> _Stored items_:

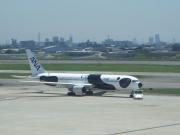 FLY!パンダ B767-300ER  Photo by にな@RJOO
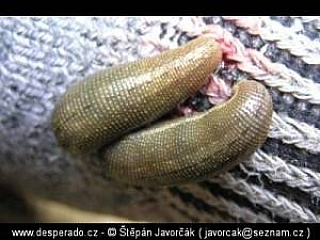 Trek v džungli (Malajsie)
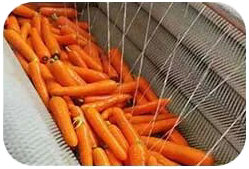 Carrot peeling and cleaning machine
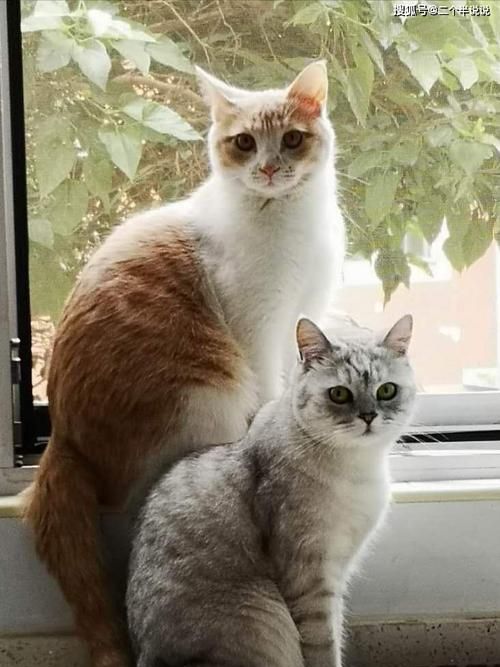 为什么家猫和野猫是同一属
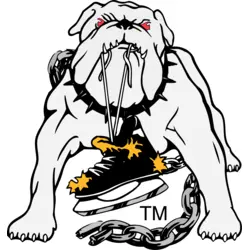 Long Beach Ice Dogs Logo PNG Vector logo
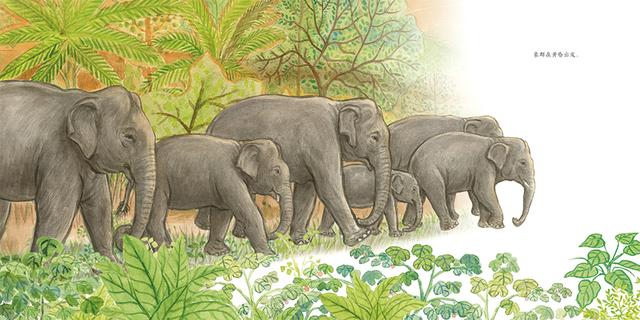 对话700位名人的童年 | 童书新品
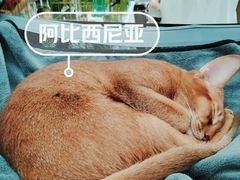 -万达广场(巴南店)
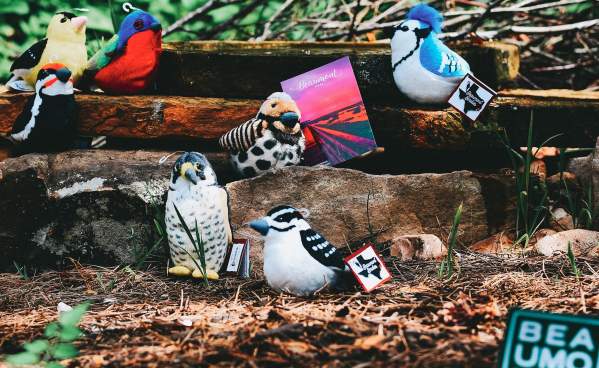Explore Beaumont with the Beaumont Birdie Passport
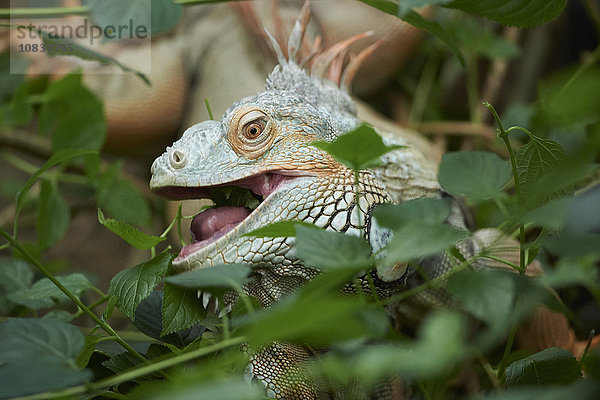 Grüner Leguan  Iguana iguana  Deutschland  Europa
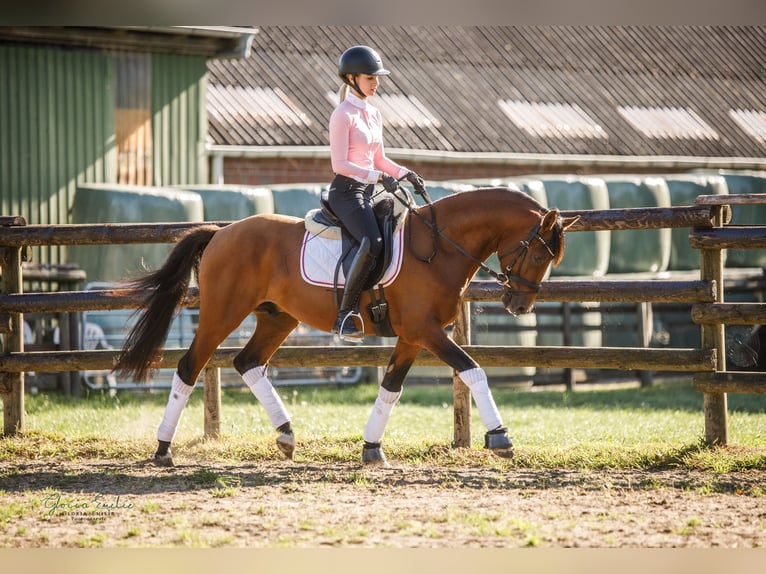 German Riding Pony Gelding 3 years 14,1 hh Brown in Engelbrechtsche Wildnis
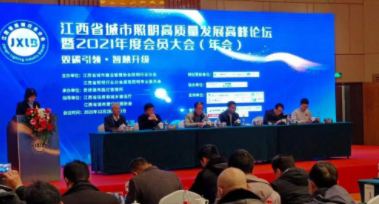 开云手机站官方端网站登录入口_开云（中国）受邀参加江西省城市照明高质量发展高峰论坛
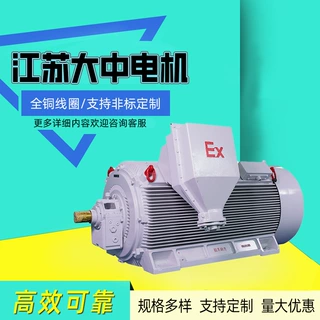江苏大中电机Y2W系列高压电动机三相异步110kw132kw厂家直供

> _Required action_:
When you reach the line with "开云手机站官方端网站登录入口" in the entries above, start copying, and go on word for word to the last line; skip any picture.

> _Response to the exercise_:
 开云手机站官方端网站登录入口_开云（中国）受邀参加江西省城市照明高质量发展高峰论坛
江苏大中电机Y2W系列高压电动机三相异步110kw132kw厂家直供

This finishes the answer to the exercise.